Top of RAW DATA

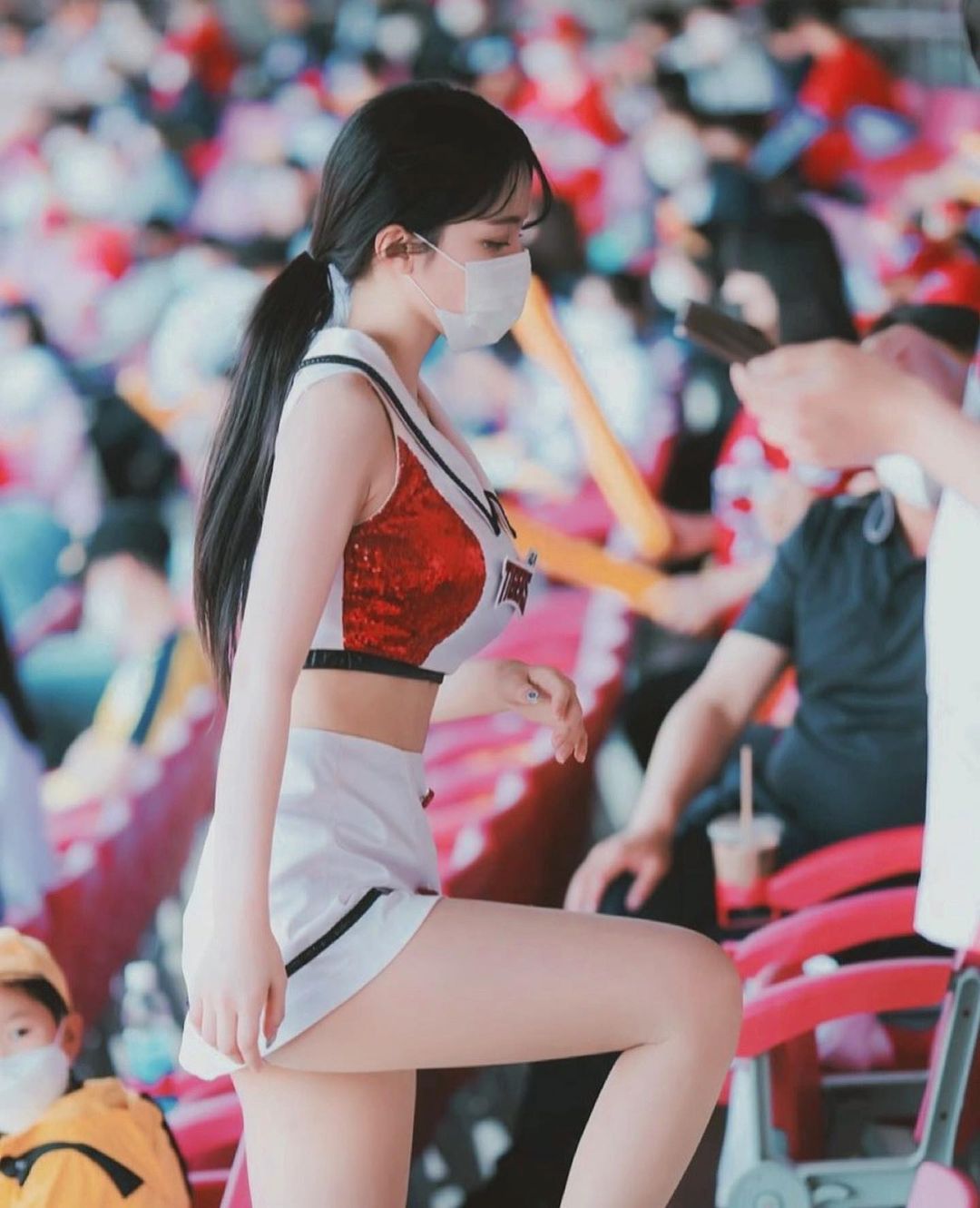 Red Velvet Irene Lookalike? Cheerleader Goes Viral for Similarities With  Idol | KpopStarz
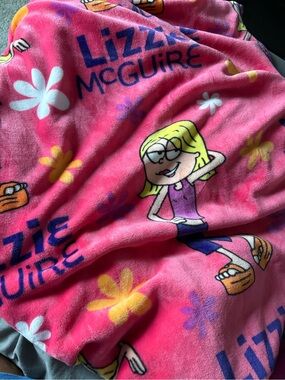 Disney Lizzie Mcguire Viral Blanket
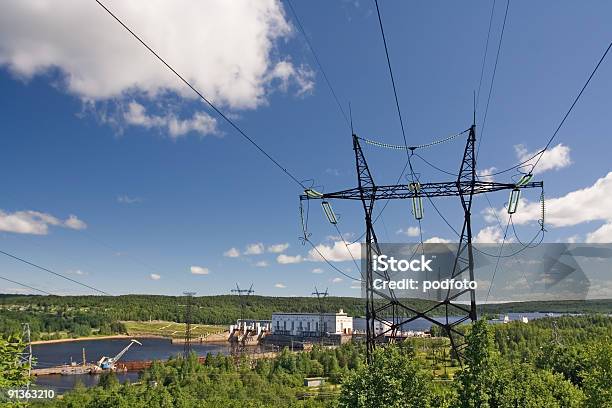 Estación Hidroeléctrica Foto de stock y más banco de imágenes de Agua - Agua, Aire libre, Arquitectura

Bottom of RAW DATA

#### WORK REQUEST:
Reproduce the data above word for word, but leave the images out.

#### THE COMPLETED TASK:
 Red Velvet Irene Lookalike? Cheerleader Goes Viral for Similarities With  Idol | KpopStarz
 Disney Lizzie Mcguire Viral Blanket
 Estación Hidroeléctrica Foto de stock y más banco de imágenes de Agua - Agua, Aire libre, Arquitectura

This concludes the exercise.